Un rapporto relativo agli anni 2015 e 2016 registrava per Tesla un numero di infortuni più alto del 31% rispetto alla media dell’industria automobilistica americana. Per quanto riguarda invece gli infortuni più gravi il tasso di incidenza era superiore alla media addirittura del doppio per il 2015 e dell’83% per l’anno successivo.

Il profitto prima di tutto e a discapito della salute dei lavoratori non è in ogni caso un’attitudine soltanto di Elon Musk e Tesla. Praticamente tutta la classe politica e la grande industria negli Stati Uniti, così come altrove, spingono da settimane per forzare il rientro in azienda dei lavoratori anche in presenza di una curva di contagi e decessi ancora in fase ascendente.
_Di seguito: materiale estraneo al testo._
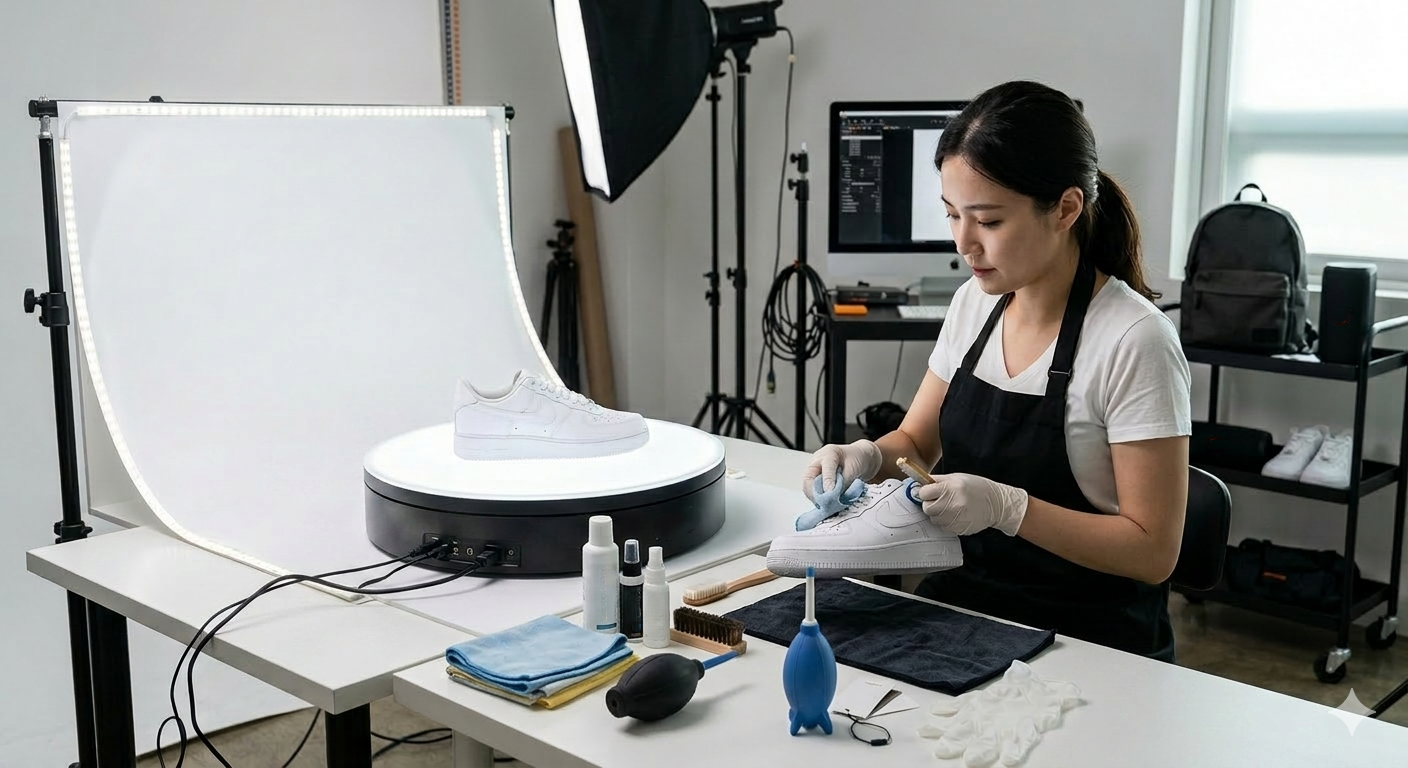 The Zero-Retouch Prep: How to Prepare Your Products for a 360 Photo Shoot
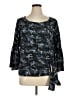 MICHAEL Michael Kors Black 3/4 Sleeve Blouse Size XL - photo 1
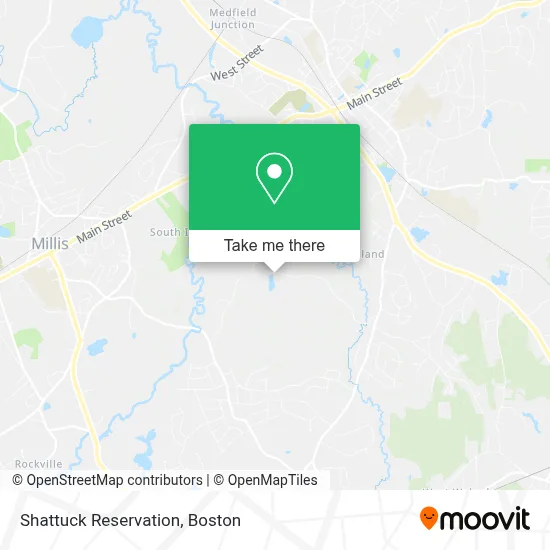 Shattuck Reservation map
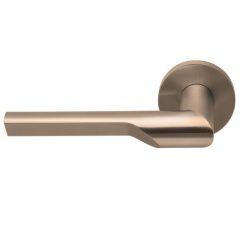 Enkele deurklink RIVIO by Gensler GL101-G op rozet links pvd licht brons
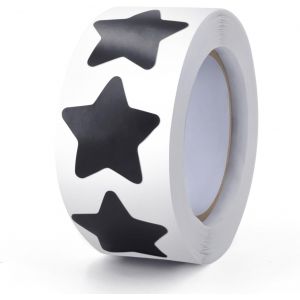 Lot De 500 Autocollants En Forme D'&eacute;toiles Noires-2,5 Cm-Petites &Eacute;toiles Autocollantes-D&eacute;coration Pour Enfants Et Enseignants - Neuf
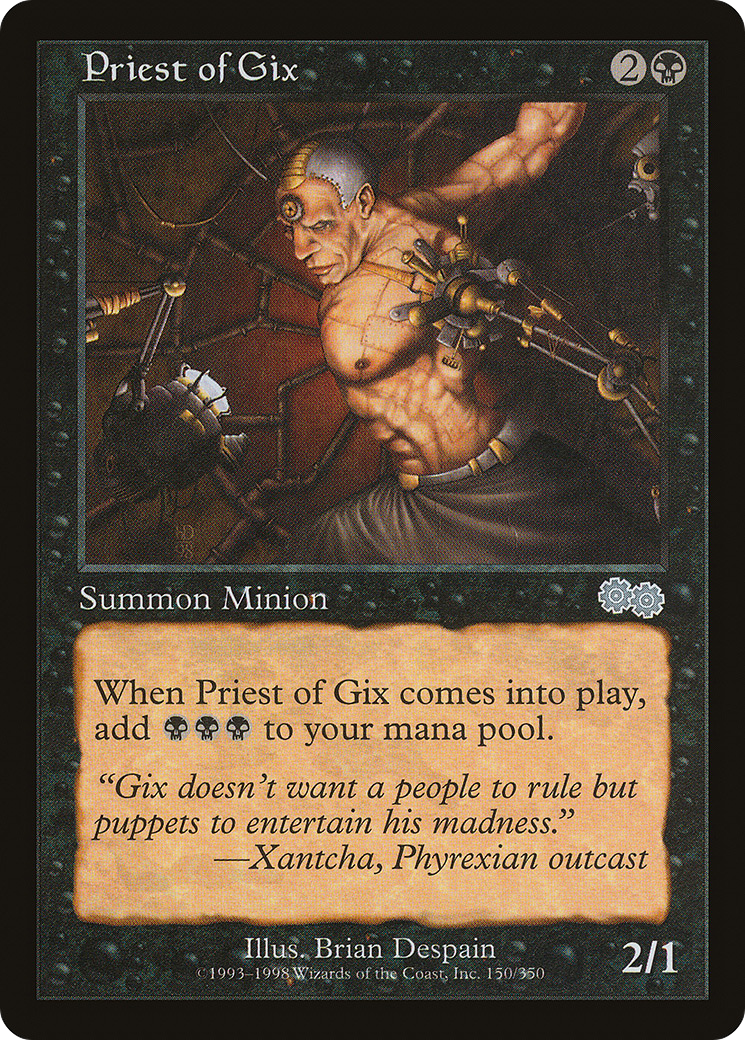 Priest of Gix (USG-150) [Urza's Saga] MTG Single Wizards of the Coast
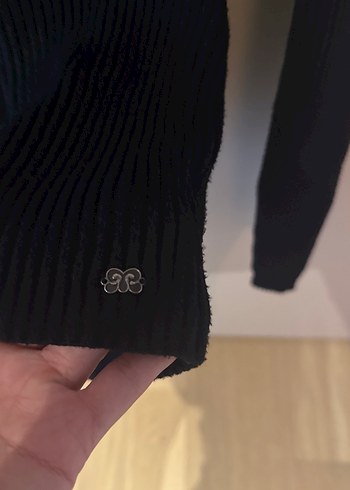 Fermuarlı Siyah Yüksek Yakalı Çocuk Kazak - Görsel 3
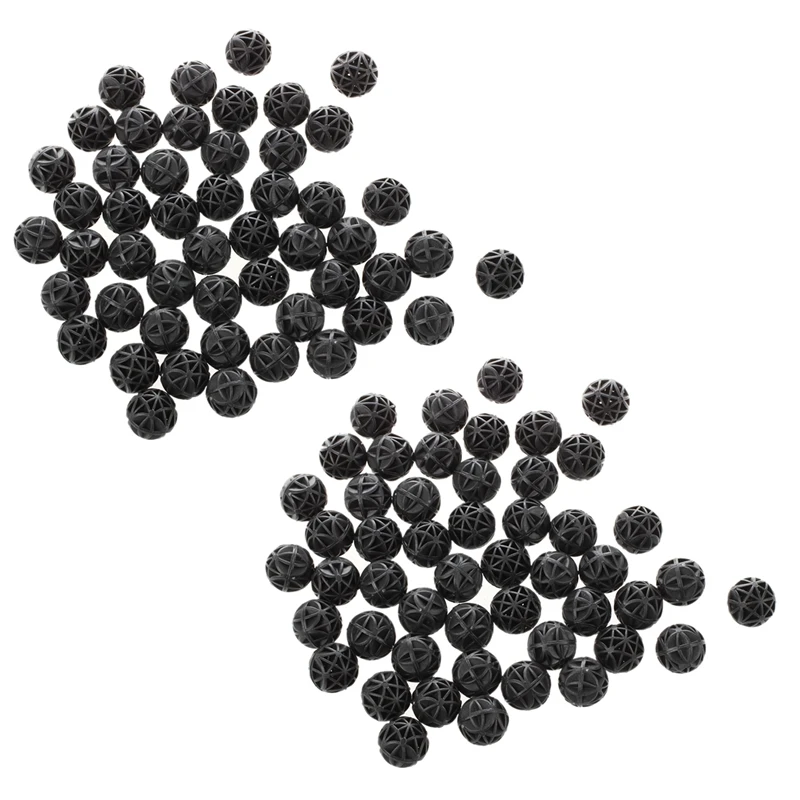 

Горячая распродажа 100 шт. 18 мм диаметр черные био-шарики для фильтра аквариума пруда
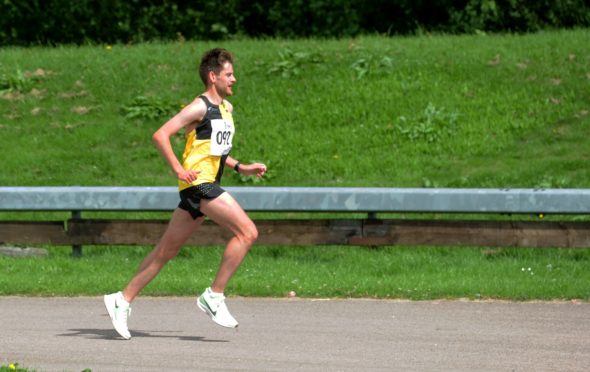 Cameron Strachan set a new PB of 30min 12secs in Stirling last month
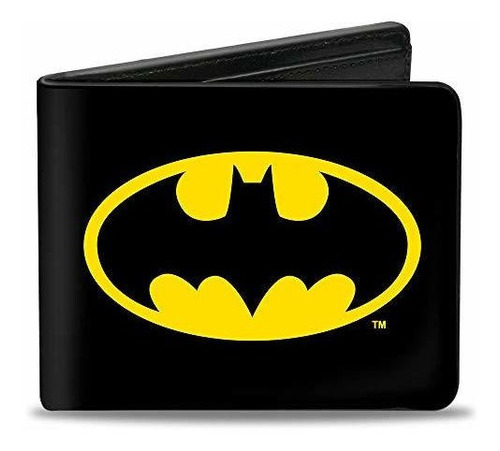 Buckle-down Para Hombre Buckle-down Pu Bifold - Batman Black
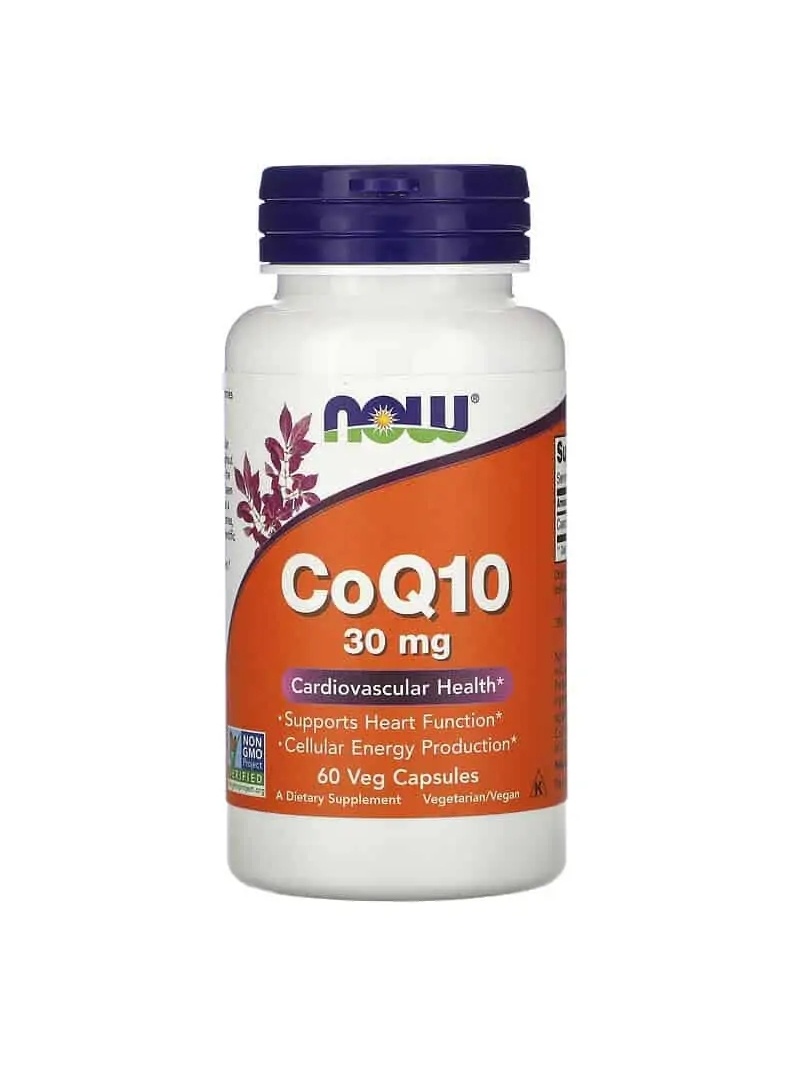 NOW FOODS CoQ10 30 mg (CoQ10) 60 vegetariánskych kapsúl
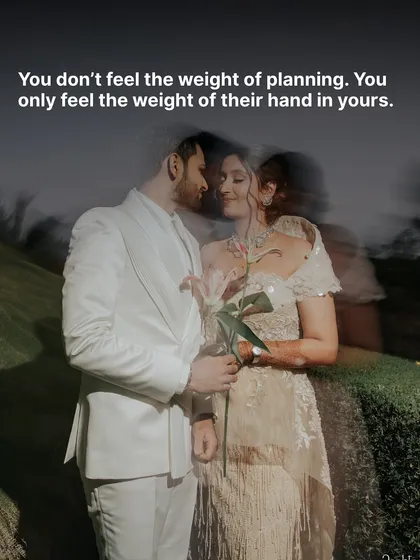 You don't feel the weight of planning. You only feel the weight of their hand in yours. This is the essence of the Copper Couple experience, allowing you to be lost in the moment, together.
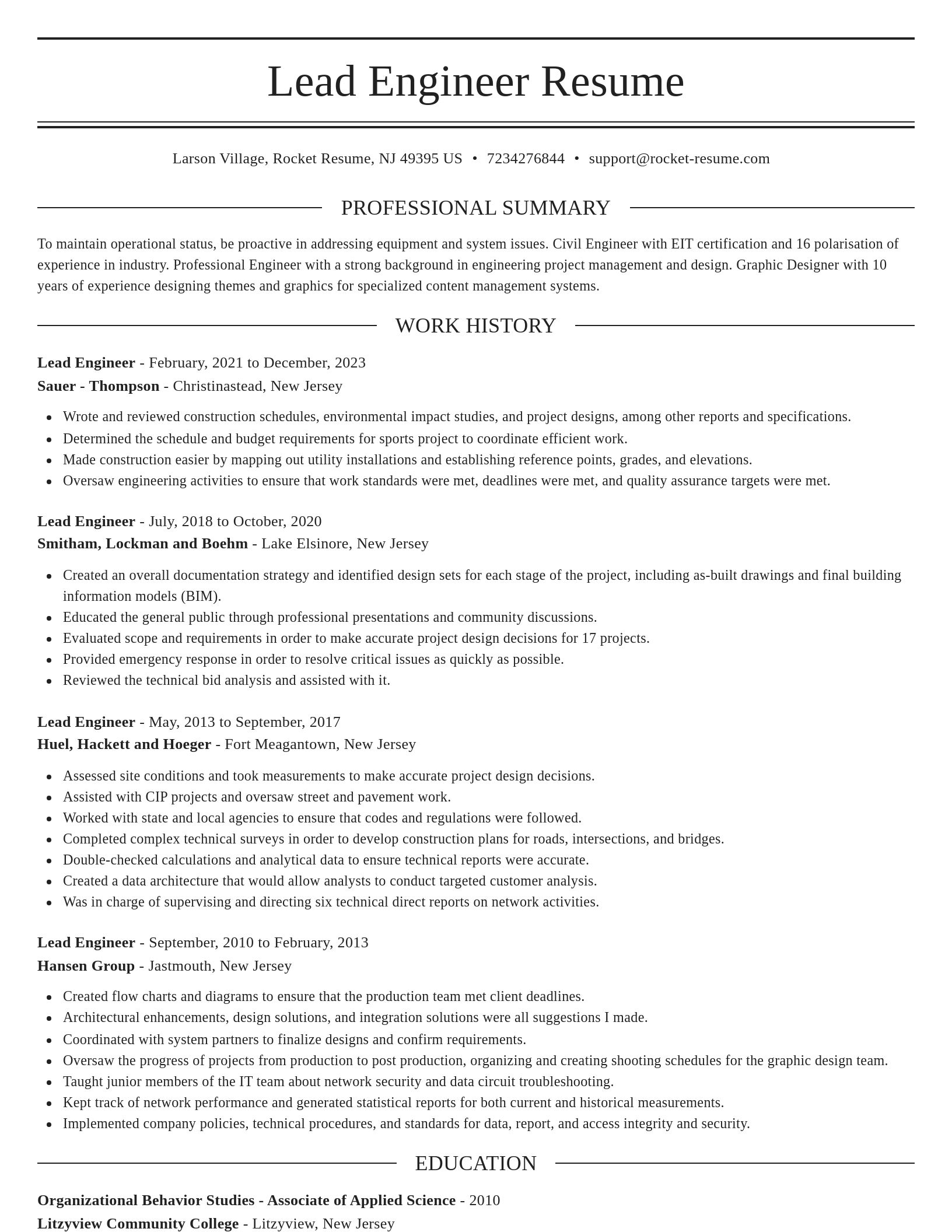Elegant resume template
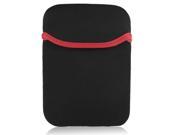 Unique Bargains Red Black Neoprene 7 Tablet Netbook Sleeve Bag for Kindle Fire HD
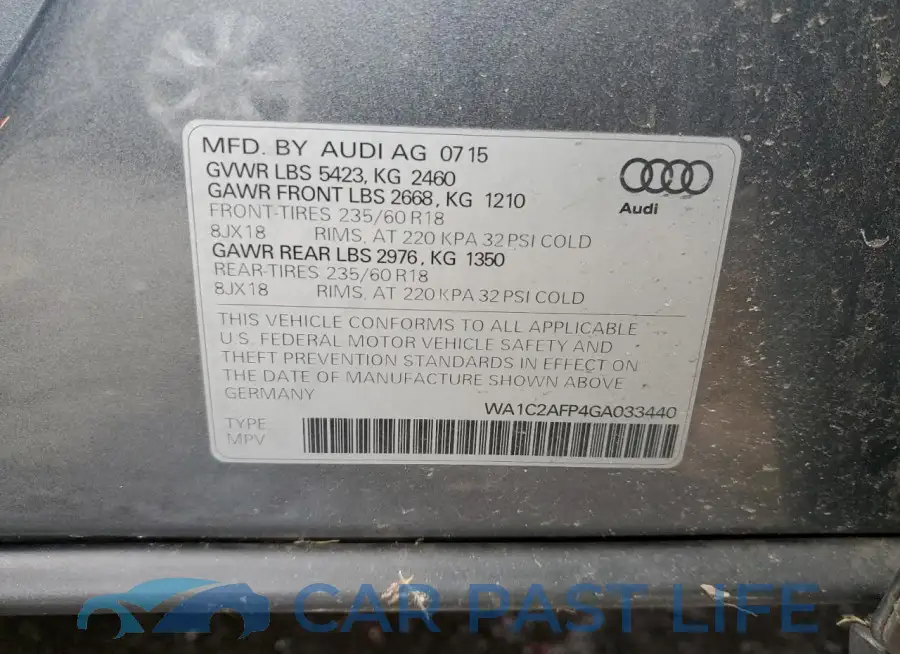 WA1C2AFP4GA033440# 13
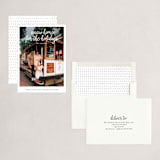 "A New Home for the Holidays" - Holiday Cards in Midnight by Christine Taylor - Assembled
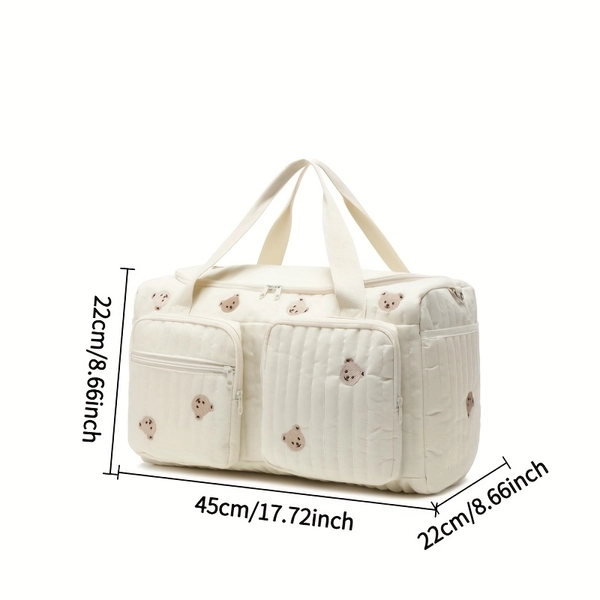 Bolso de Pañales para Mamá de Gran Capacidad/Bolso de Hospital/Bolso de Maternidad - Bolso de Pañales Duradero con Compartimento Principal con Cremallera, Bolsillo Frontal, Bolsillos Laterales - Organizador para Pañales, Toallitas, Biberones. Adecuado para Viajes y Uso Diario. Regalo de Navidad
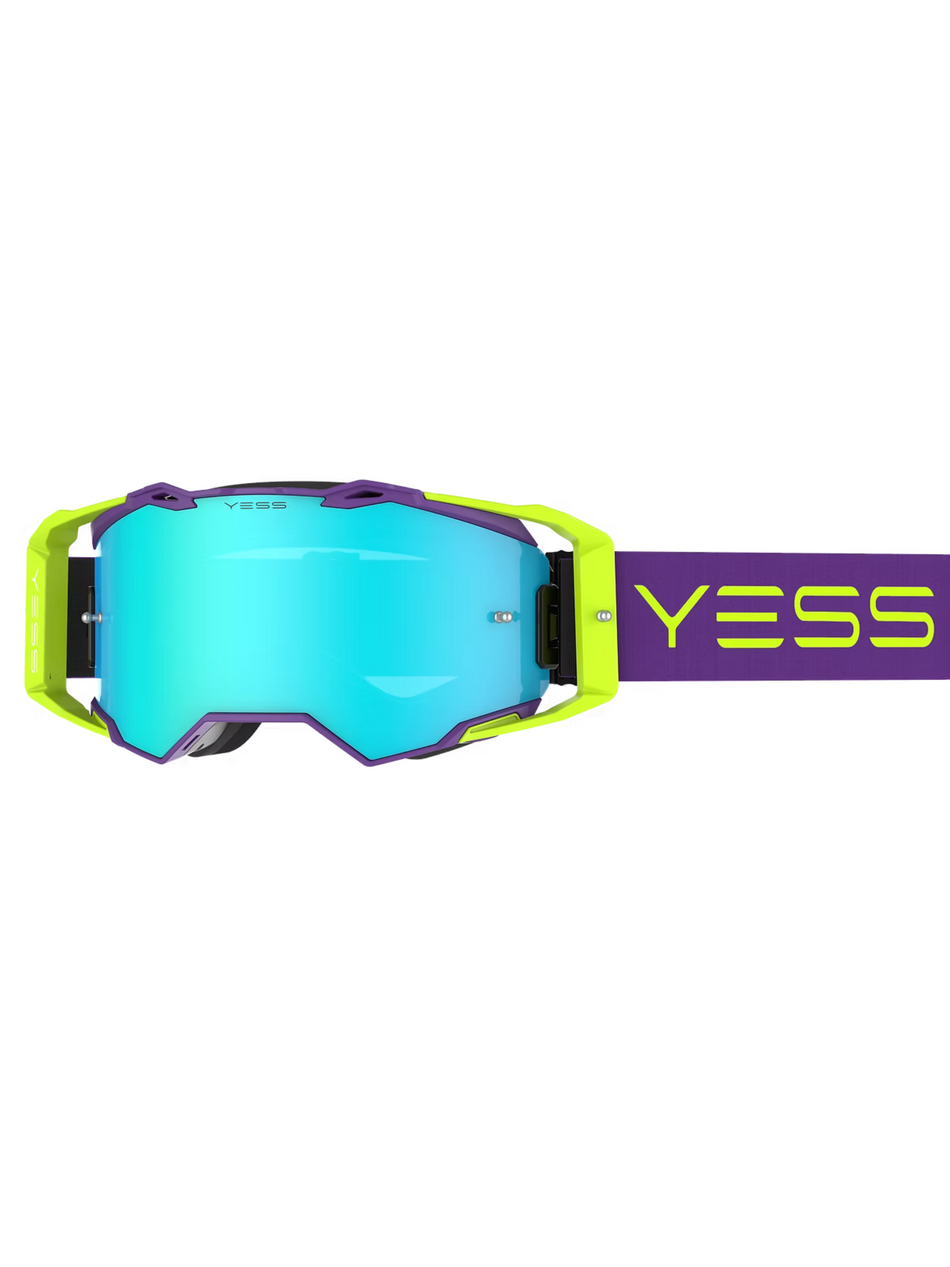 MASCHERA MOTO PURPLE SPARK YESS BRAND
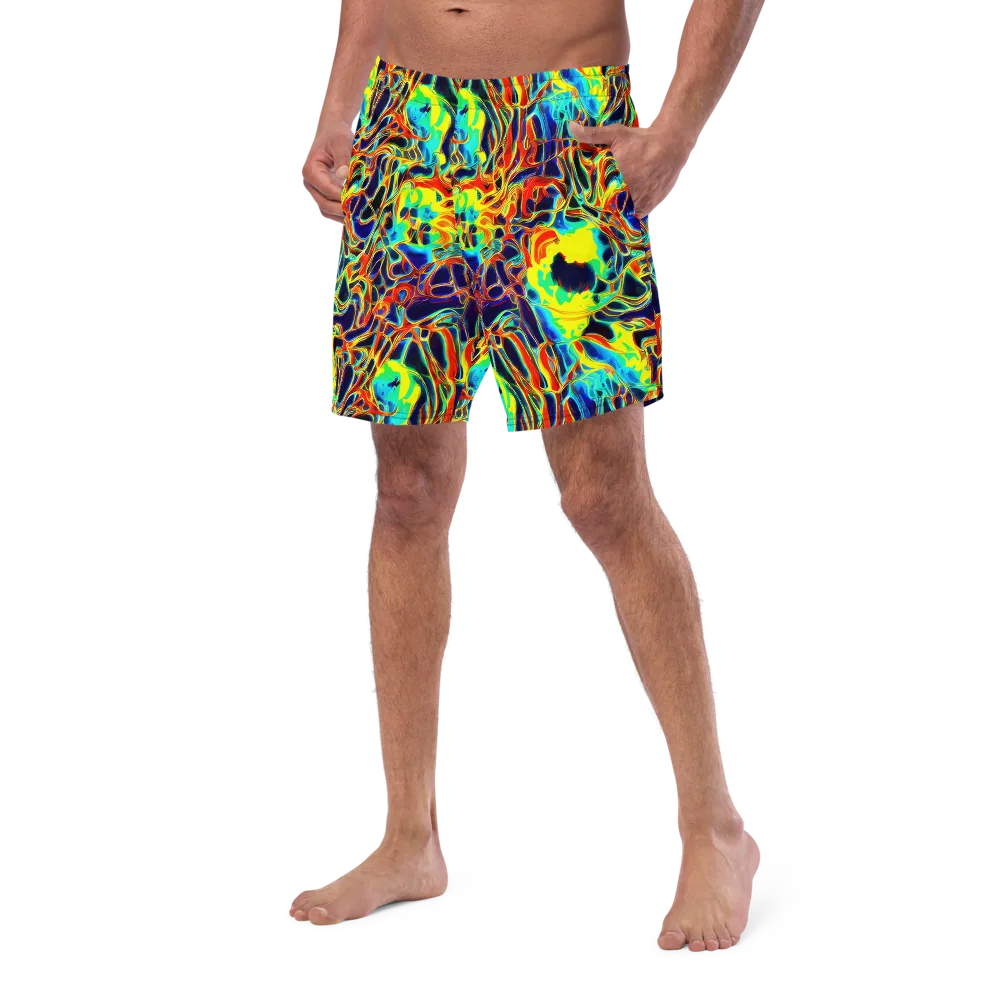 Hypercolor Vortex on Swim Trunks — Left Front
Le riaperture progressive in atto oltreoceano stanno avvenendo contro il parere della comunità scientifica, preoccupata per una probabile seconda ondata di contagi se verranno trascurate le misure adeguate, come sta appunto accadendo negli USA. Lo stesso virologo della Casa Bianca, Anthony Fauci, e l’Organizzazione Mondiale della Sanità (OMS) hanno diffuso un deciso avvertimento nelle ultime ore contro provvedimenti di ritorno al lavoro prematuri che, quasi certamente, comporteranno centinaia o migliaia di nuovi decessi tra le fasce più esposte della popolazione.